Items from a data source

######

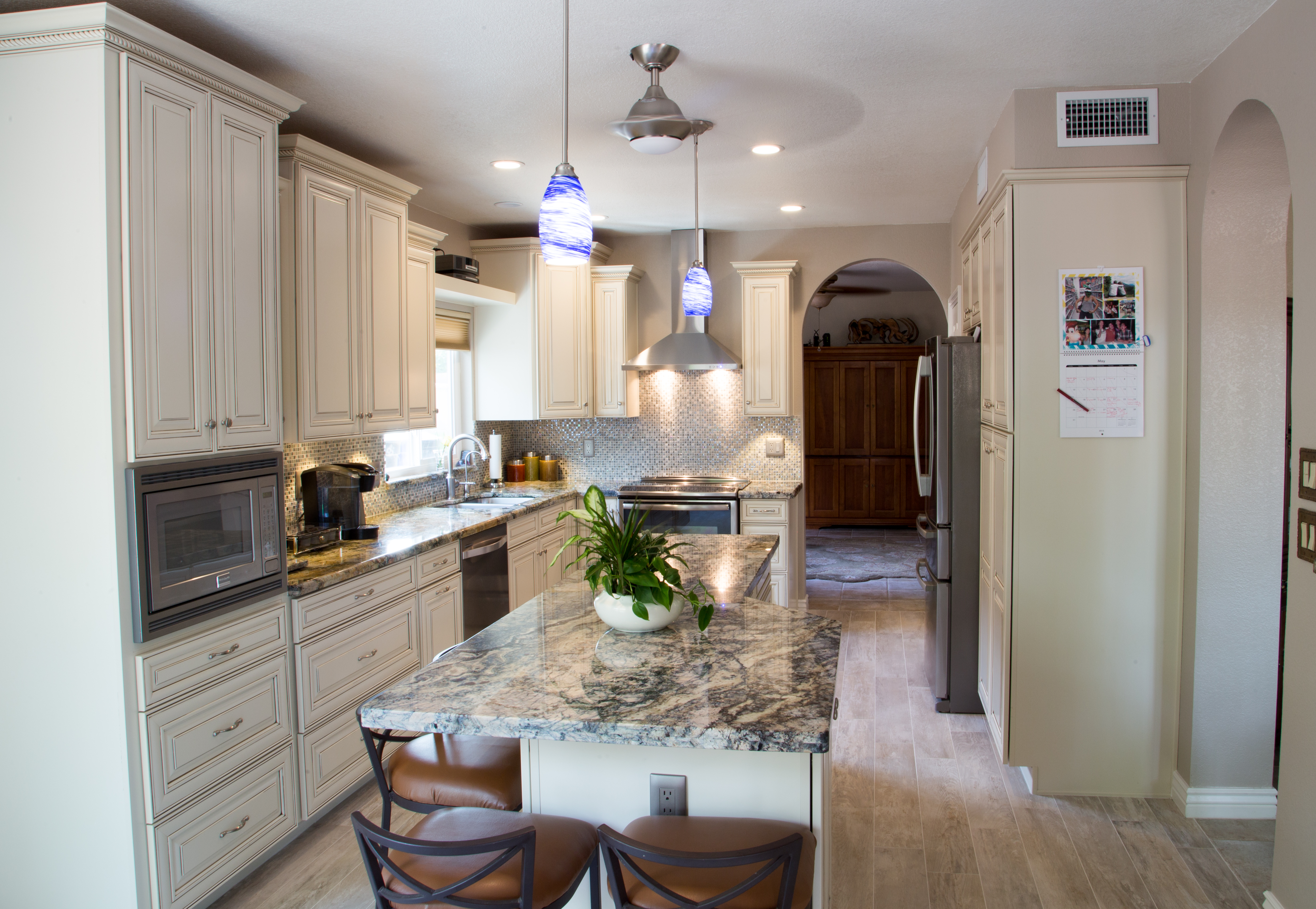 The Sierra Vista cabinetry with a painted Hazelnut finish from Timberlake Cabinetry perfectly compliments the gorgeous granite countertops and stainless steel fixtures in this newly remodeled kitchen. [TWD Project Location: Tempe, AZ]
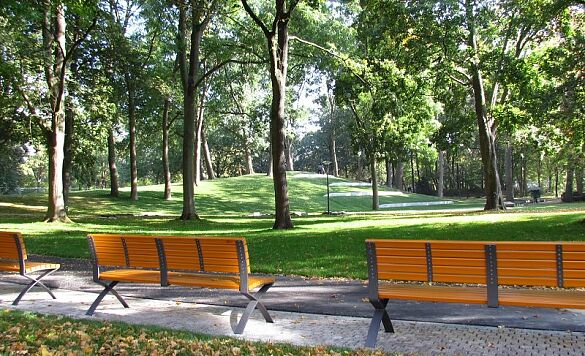 Das Foto zeigt drei Parkbänke mit Blick auf den freigelegten Hügel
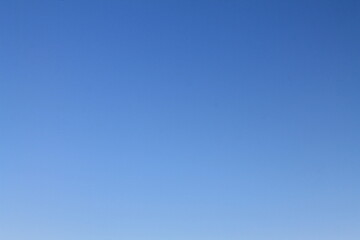 Blue cloudless sky. Background, wallpaper for designers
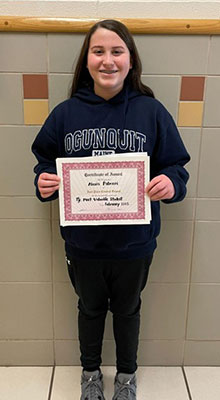 Alexis Palmeri holding her certificate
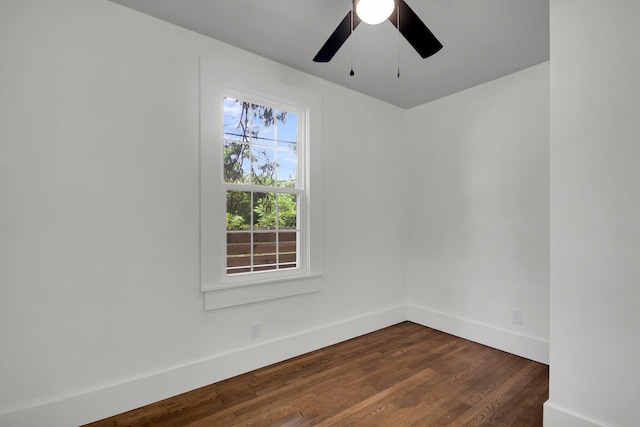 unfurnished room featuring dark hardwood / wood-style floors and ceiling fan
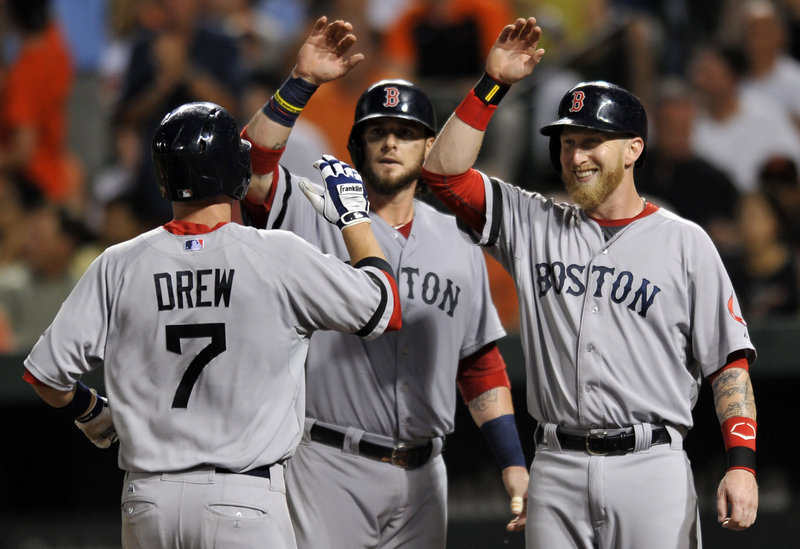 Stephen Drew is congratulated by teammates Jarrod Saltalamacchia, center, and Mike Carp after hitting a three-run homer Saturday night in the fourth inning of a 7-3 victory for the Boston Red Sox against the Baltimore Orioles.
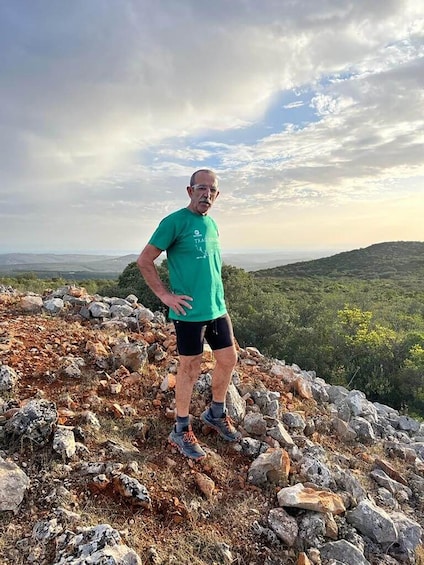 Une personne se tient debout sur un promontoire rocheux, avec un paysage montagneux en arrière-plan. 1
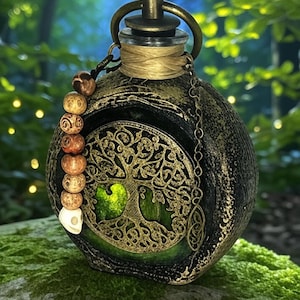 Pode incluir: Uma garrafa de vidro redonda e decorativa com um design de árvore da vida em metal cor de bronze. A garrafa tem um exterior escuro e texturizado com detalhes dourados, um anel de bronze e uma corrente de contas. O interior brilha em verde.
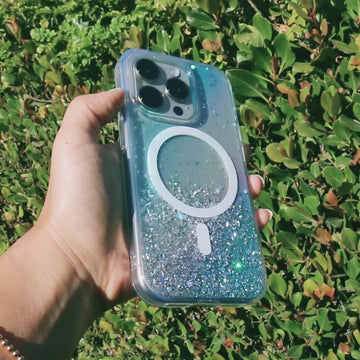 A person holding an iPhone 15 Starburst Glitter MagSafe Case - Bryten by Raptic, featuring MagSafe.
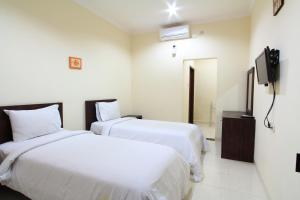 una camera d'albergo con due letti e una televisione di Surya Inn a Kuta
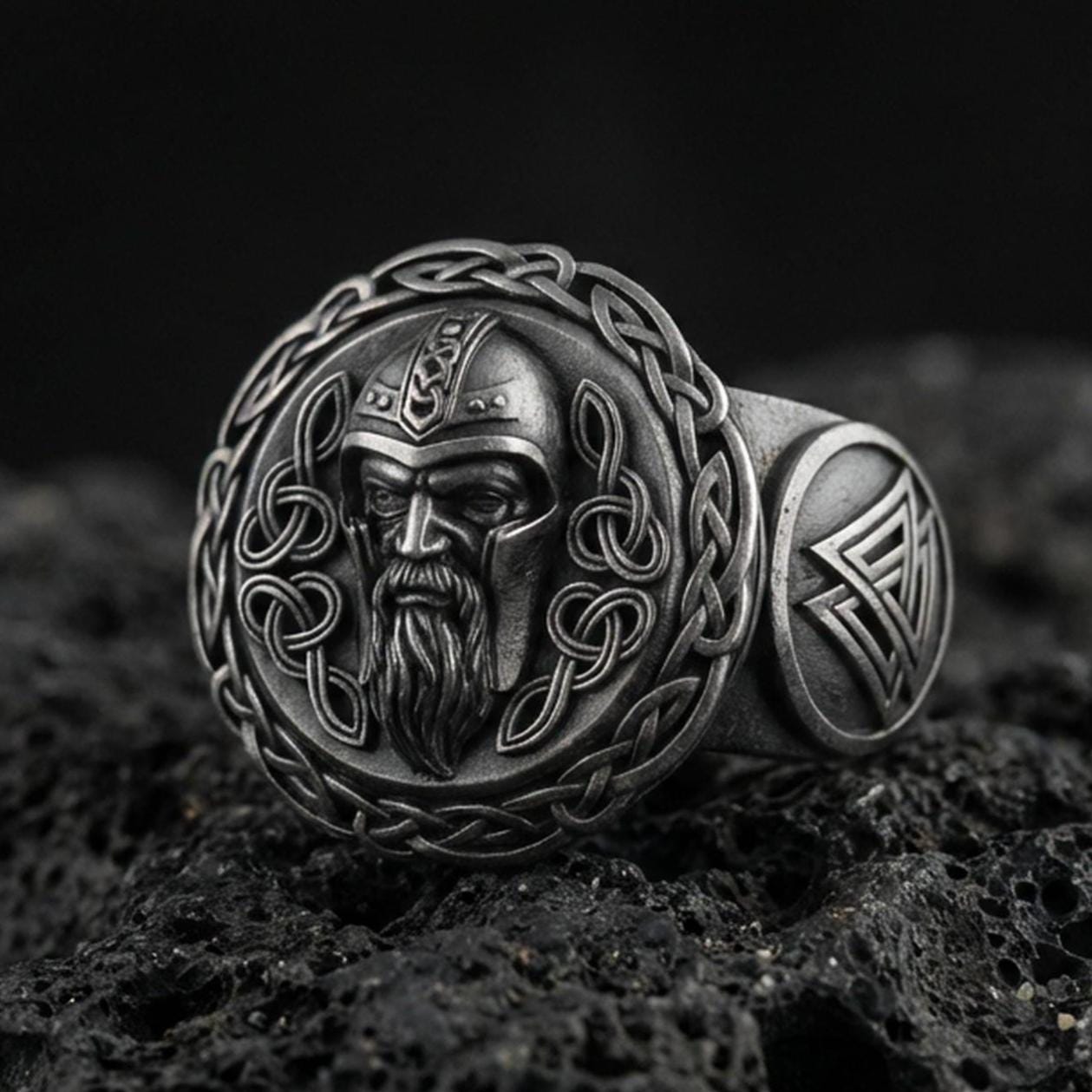 Odin the All-Father sterling silver ring in an oxidized finish on volcanic rock, Viking warrior portrait with Celtic knot border, macro studio product shot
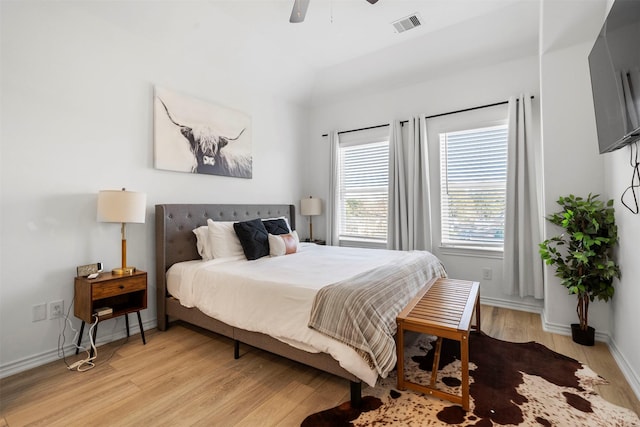 bedroom featuring ceiling fan and light hardwood / wood-style floors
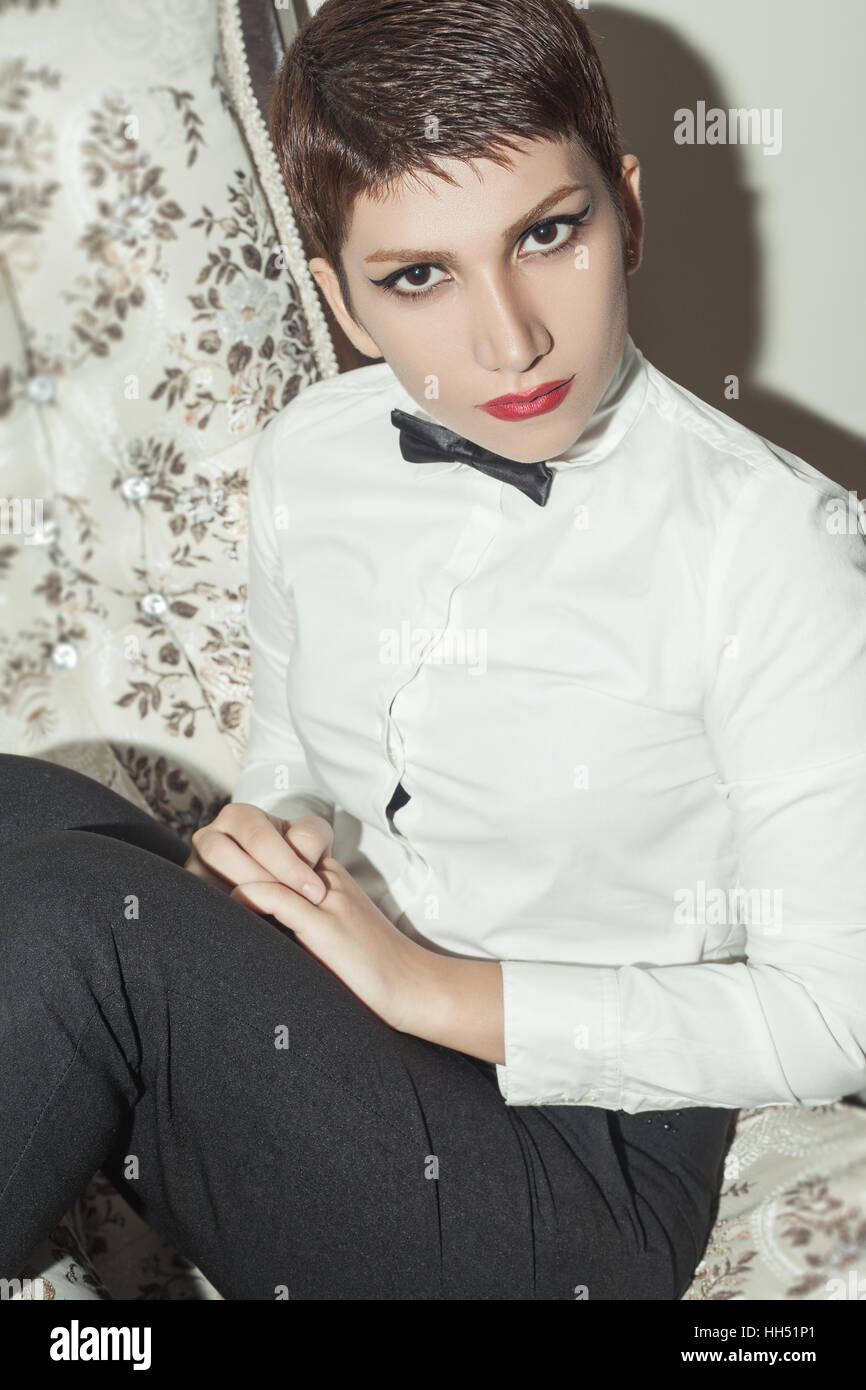 Young Beautiful Woman With Short Hair Style And Classic Wear With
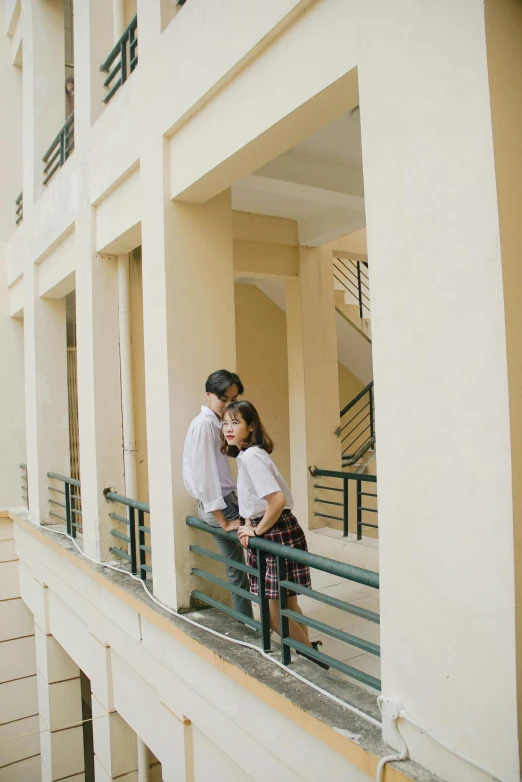 two people standing next to each other near some buildings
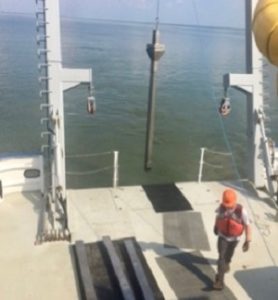 Taylor Moore, mate aboard the R/V Virginia, assists in deployment of a sediment core to test for chlordecone breakdown products in the James River. (John Olney Jr./VIMS/Southside Daily)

######

* _Task description_
For each entry above, write it out again exactly but leave out any picture.

* _Expected answer_
 The Sierra Vista cabinetry with a painted Hazelnut finish from Timberlake Cabinetry perfectly compliments the gorgeous granite countertops and stainless steel fixtures in this newly remodeled kitchen. [TWD Project Location: Tempe, AZ]
 Das Foto zeigt drei Parkbänke mit Blick auf den freigelegten Hügel
 Blue cloudless sky. Background, wallpaper for designers
 Alexis Palmeri holding her certificate
 unfurnished room featuring dark hardwood / wood-style floors and ceiling fan
 Stephen Drew is congratulated by teammates Jarrod Saltalamacchia, center, and Mike Carp after hitting a three-run homer Saturday night in the fourth inning of a 7-3 victory for the Boston Red Sox against the Baltimore Orioles.
 Une personne se tient debout sur un promontoire rocheux, avec un paysage montagneux en arrière-plan. 1
 Pode incluir: Uma garrafa de vidro redonda e decorativa com um design de árvore da vida em metal cor de bronze. A garrafa tem um exterior escuro e texturizado com detalhes dourados, um anel de bronze e uma corrente de contas. O interior brilha em verde.
 A person holding an iPhone 15 Starburst Glitter MagSafe Case - Bryten by Raptic, featuring MagSafe.
 una camera d'albergo con due letti e una televisione di Surya Inn a Kuta
 Odin the All-Father sterling silver ring in an oxidized finish on volcanic rock, Viking warrior portrait with Celtic knot border, macro studio product shot
 bedroom featuring ceiling fan and light hardwood / wood-style floors
 Young Beautiful Woman With Short Hair Style And Classic Wear With
 two people standing next to each other near some buildings
 Taylor Moore, mate aboard the R/V Virginia, assists in deployment of a sediment core to test for chlordecone breakdown products in the James River. (John Olney Jr./VIMS/Southside Daily)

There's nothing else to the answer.